Quelle: Matthias Horn

Aus dem heute jedermann zugänglichen Wissensstand über den italienischen Philosophen, Physiker, Mathematiker und Astronomen ergibt sich durchaus das Bild eines "modernen" Wissenschaftlers: scharfsichtig und fantasievoll, aber auch umtriebig und geschäftstüchtig bis zu den Grenzen der Legalität, ein Reformdenker, aber eben kein Revolutionär und schon gar kein geborener Märtyrer. Am ehesten ein Besessener: besessen von der Freude am Experiment und der Jagd nach Wissen und der nicht ganz uneitlen Sucht nach dessen Verbreitung.
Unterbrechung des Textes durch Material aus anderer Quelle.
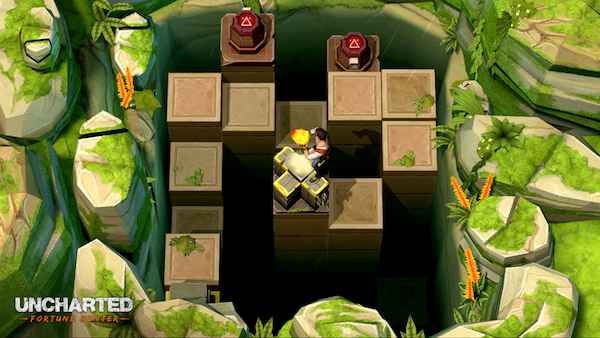 Uncharted Fortune Hunter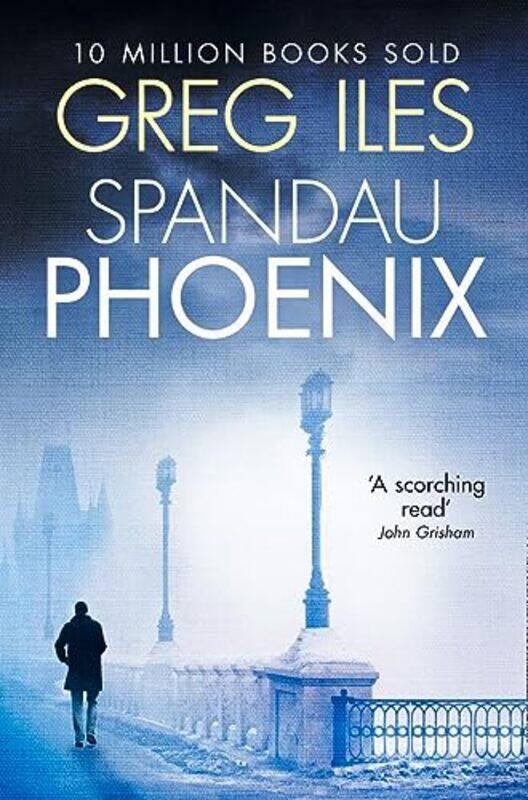 

Spandau Phoenix by Greg Iles-Paperback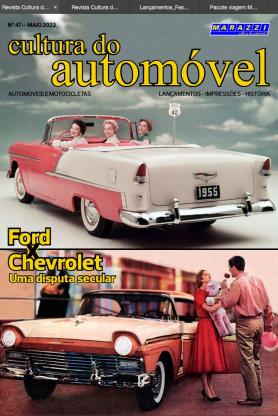 Cultura do Automóvel Ed. 47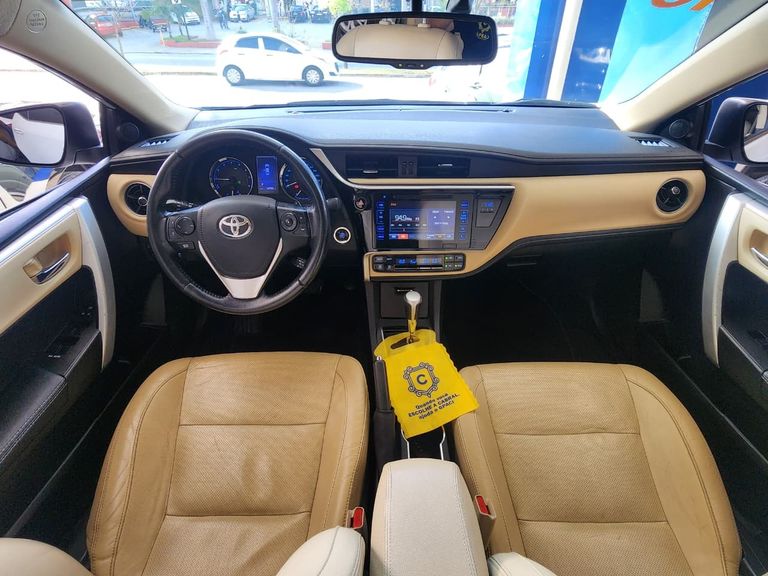 Toyota Corolla ALTIS/A.Premiu. 2.0 Flex 16V Aut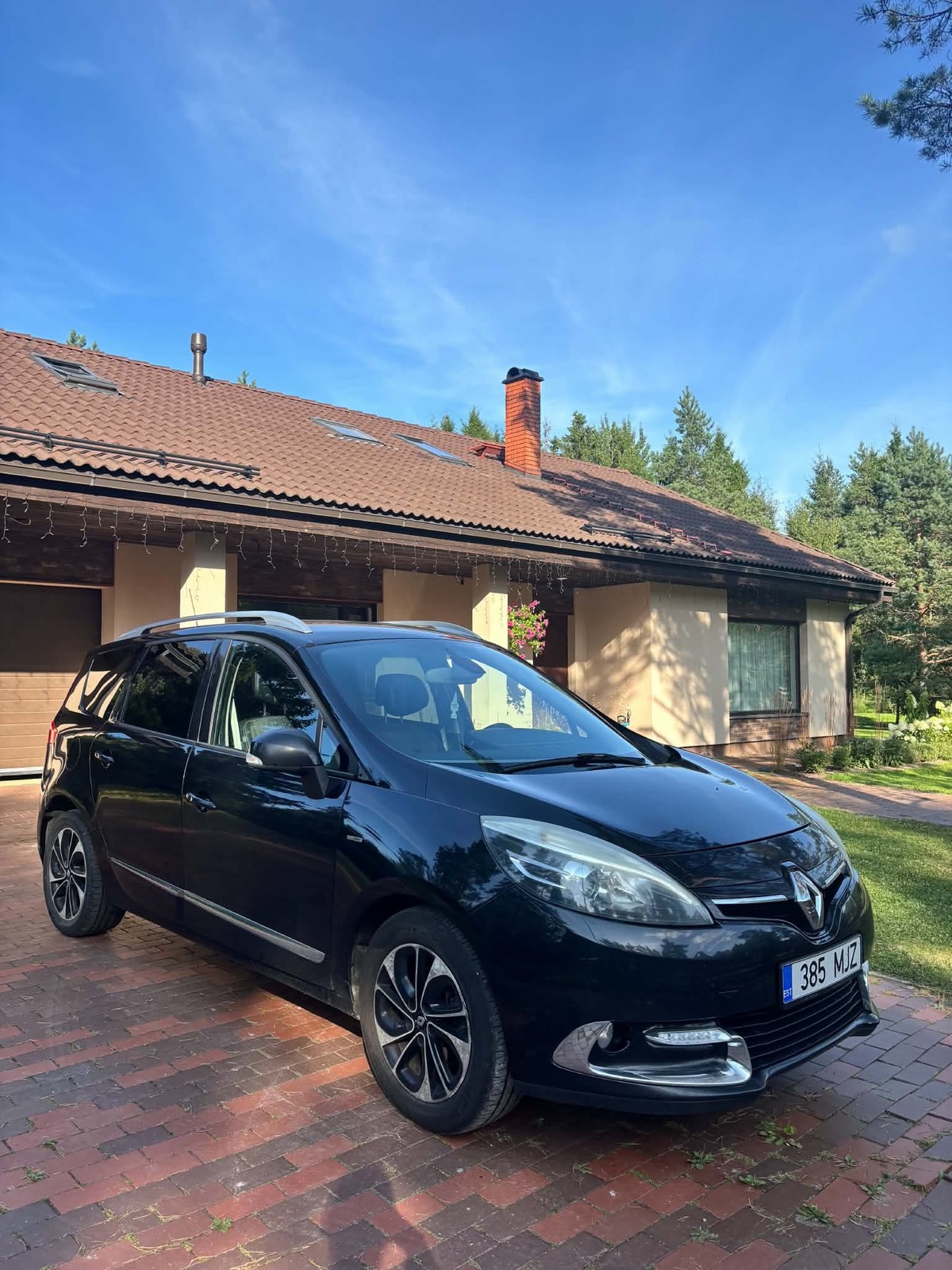 Renault Scenic 2014, kuva 2/13
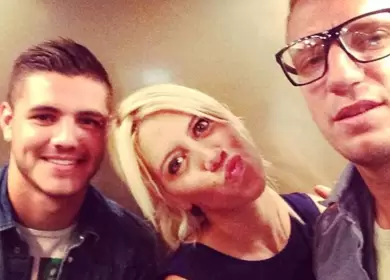 Mauro Icardi, Wanda Nara y Maxi López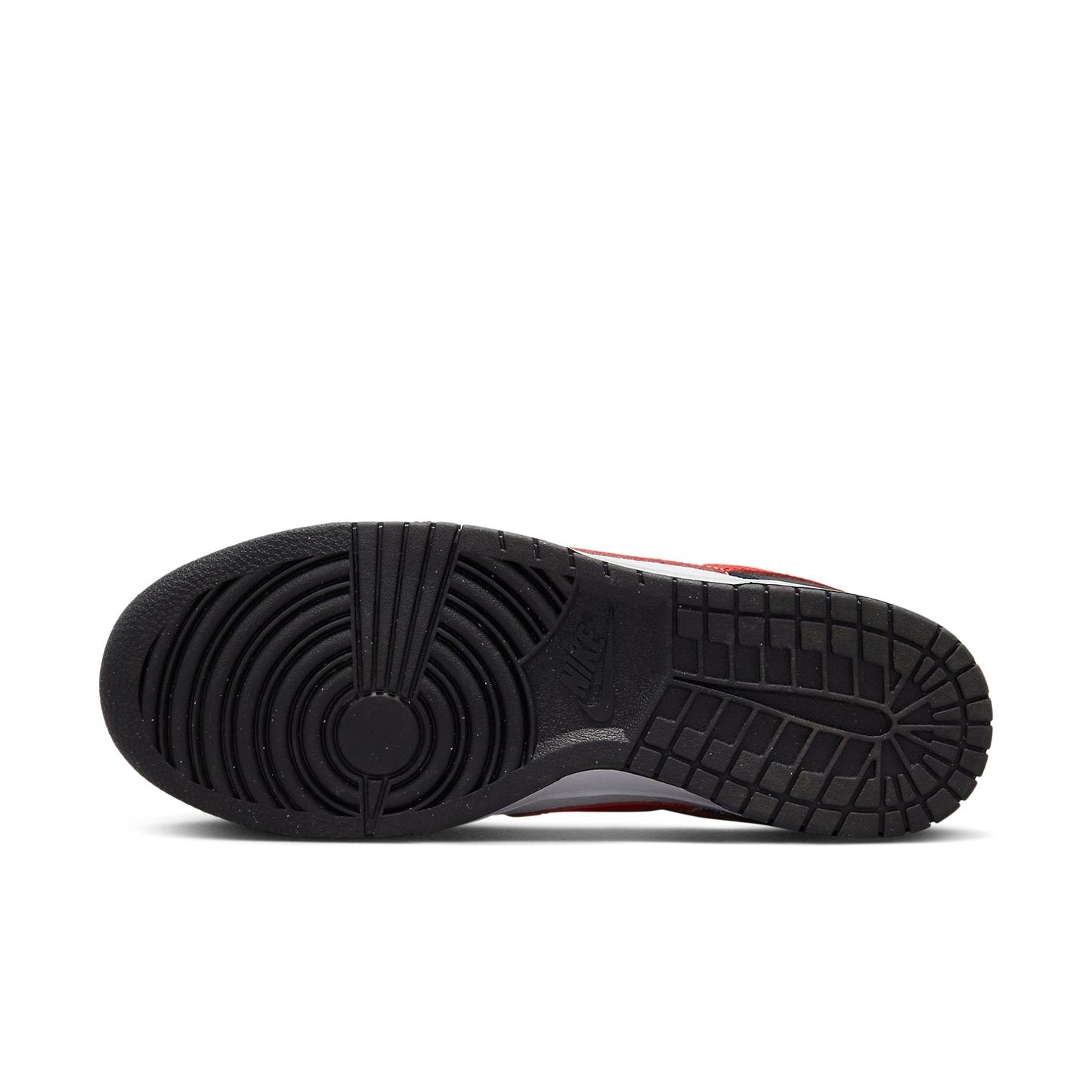 Nike Dunk Low “Red Swoosh Panda”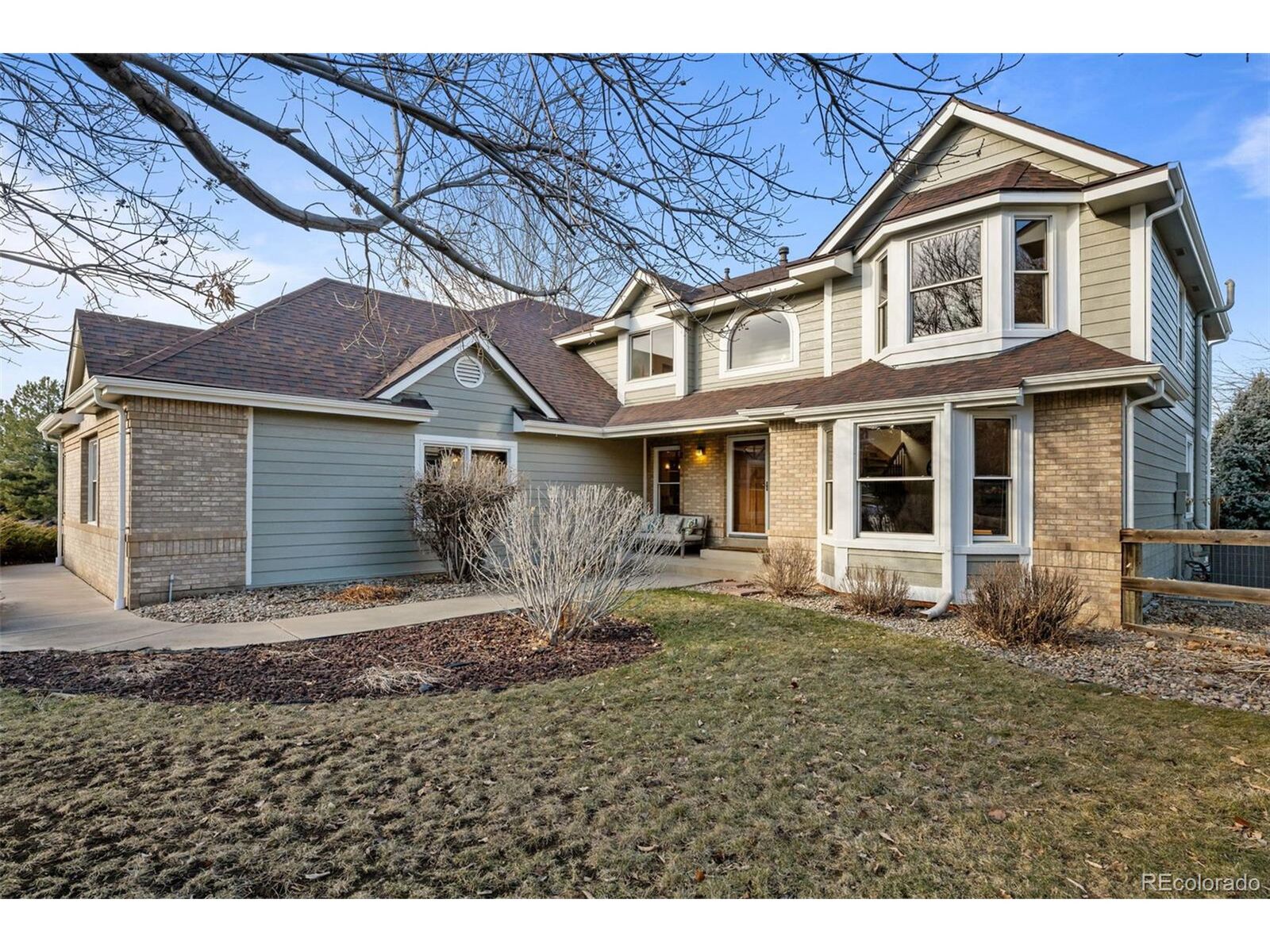 Property Photo: 7202 Snow Peak Ct CO 80503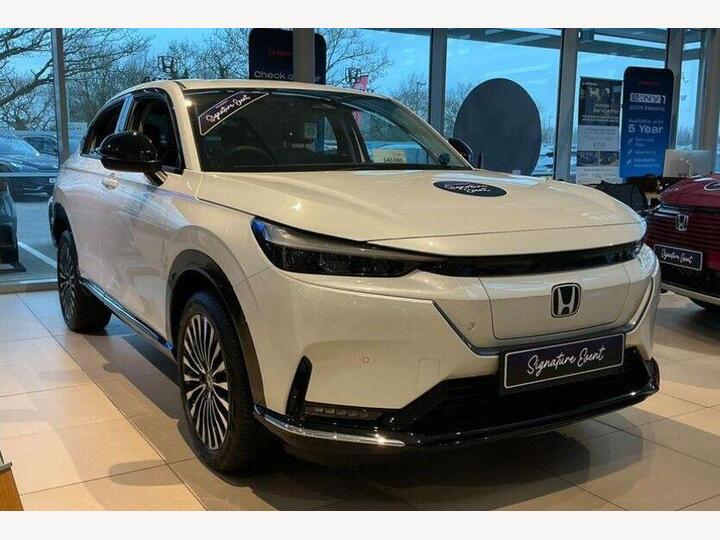 Honda E:Ny1 68.8kWh Elegance Auto 5dr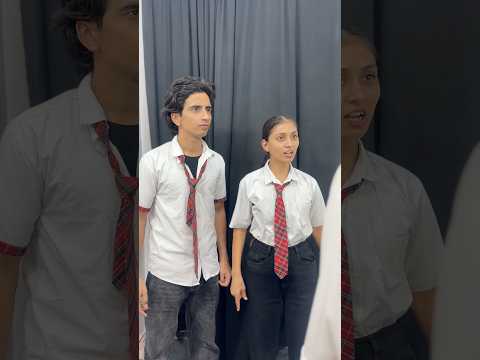 School best friends๐๐ฅณ#comedy #shorts #school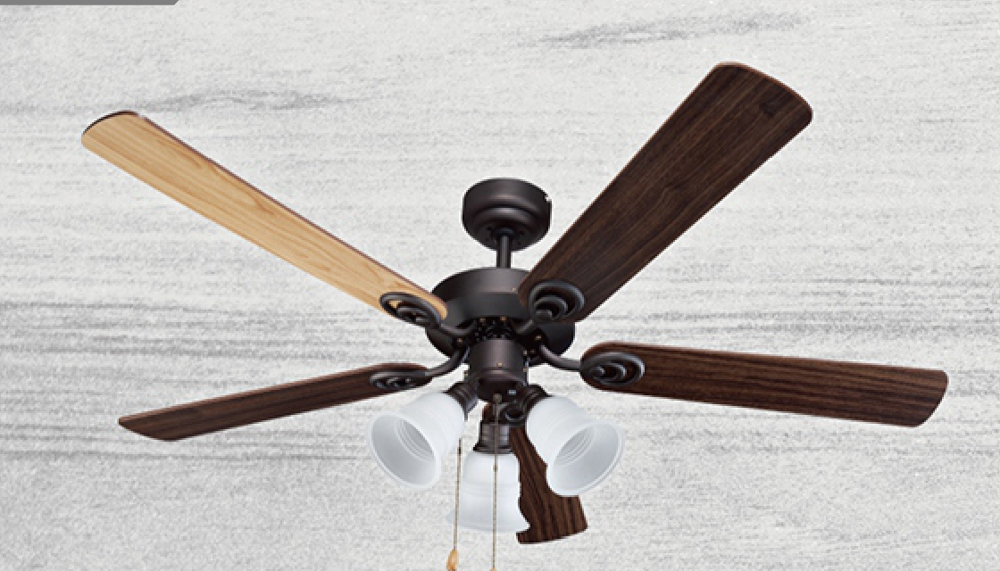 Noitavonne 52" Ceiling Fan - ORB Finish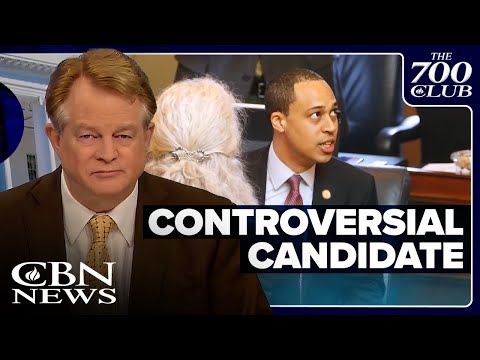 You are currently viewing Political Candidate Sparks Fury on The 700 Club: What They’re Hiding!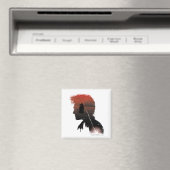 Harry Potter | Harry & Voldemort Tovenaarsduel Magneet (Insitu (Vaatwasser))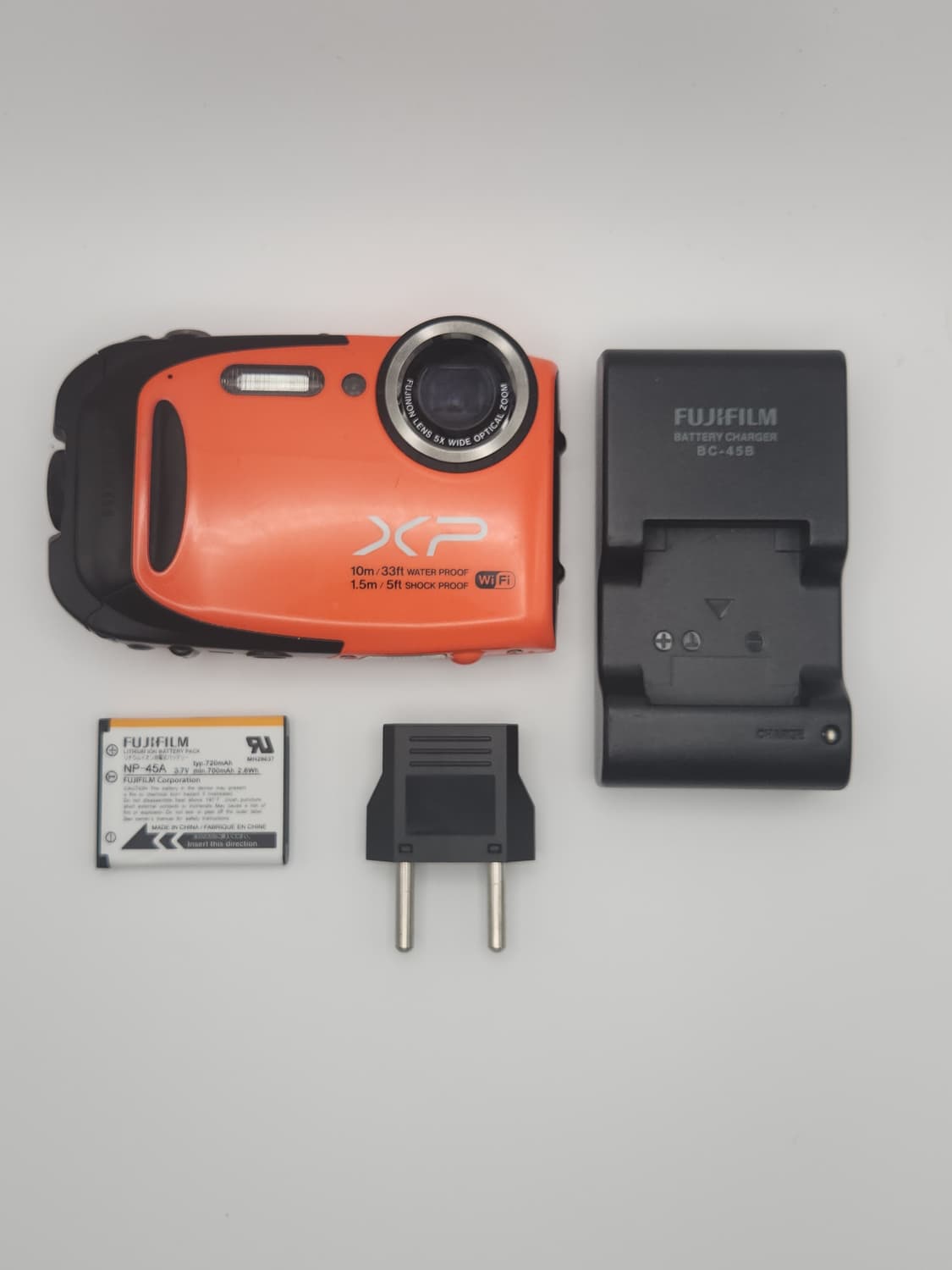 후지필름 FINEPIX XP70 오렌지 상품이미지7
Diesem Charakterzug wird die jüngste Dresdner Inszenierung des Stücks, die jetzt Armin Petras in einer Koproduktion mit dem Berliner Maxim Gorki Theater auf die Bühne des Schauspielhauses brachte, am ehesten gerecht. Weniger der im Programmheft angedeuteten Verheißung "Wissenschaftsgeschichte als episches Theater". Dieses Feld überlässt Petras Carsten Nicolai, der eher eine ironisch mit neuzeitlichen, eher harmlosen Wissenschafts-Accessoires spielende Installation als Bühnenbild geliefert hat. Freilich in einem schönen klaren Raum, einem Kubus mit - im ersten Teil - spiegelnden Seitenwänden und einer großen kreisrunden Öffnung in der Decke, aus dem an einem langen Seil eine Kugel pendelt, die an den Erdtrabanten erinnert. Oder an das Foucault'sche Pendel, von dem Galilei nichts wusste und das in Italien auch nicht recht funktioniert. Immerhin zitieren außer den wie vom Himmel fallenden Fernrohren auch die Scheinwerfer noch Galileische (nicht immer originäre) Entwicklungen, aber insgesamt sind Elektrifizierung und Knowhow auf der Bühne so weit fortgeschritten, dass sich die seinerzeit noch fast unüberwindbar erscheinenden Hürden vor heute ganz simpel anmutenden Erkenntnissen nicht mehr ahnen lassen.

Versinken in Schaumflut

Die Fülle der Figuren und das vielschichtige Beziehungsgeflecht erscheinen durch häufiges simultanes, gelegentlich chorisches Auftreten oberflächlich überschaubar, werden aber nicht wirklich transparent, oft auch nicht tiefer hinterfragt. Die Szene lebt vielmehr von eindrücklichen und oft recht witzigen Arrangements, denen die überzogen stilvollen Kostüme Karoline Bierners den letzten Kick geben. Etwa, wenn Galileo und seine Mitarbeiter mit einem überlangen Fernrohr um das Interesse der Florentiner Gelehrten werben, deren Darsteller ihre Köpfe in die ad hoc freigehackten Positionen auf lebensgroßen Stichen ihrer Vorbilder stecken, die schließlich vom beleidigten Linsenschleifer Federzoni (Gunnar Teuber) attackiert werden wie die Windmühlen von Don Quichotte. Als die Pest in Florenz wütet, berichtet Wolfgang Michalek (in welcher Rolle?) am Handy, allen gehe es gut, während schon alle um ihn herum und schließlich auch er selbst in einer sich ausbreitenden Schaumflut versinken. Doch statt etwas zu erhellen, erscheinen solcherart Aktualisierungen eher als Anbiederung an ein junges Publikum. Jedenfalls sind sie nicht geeignet, den so vielschichtigen, faszinierend widersprüchlichen Charakter des Galileo Galilei aus heutiger Sicht näher zu bringen.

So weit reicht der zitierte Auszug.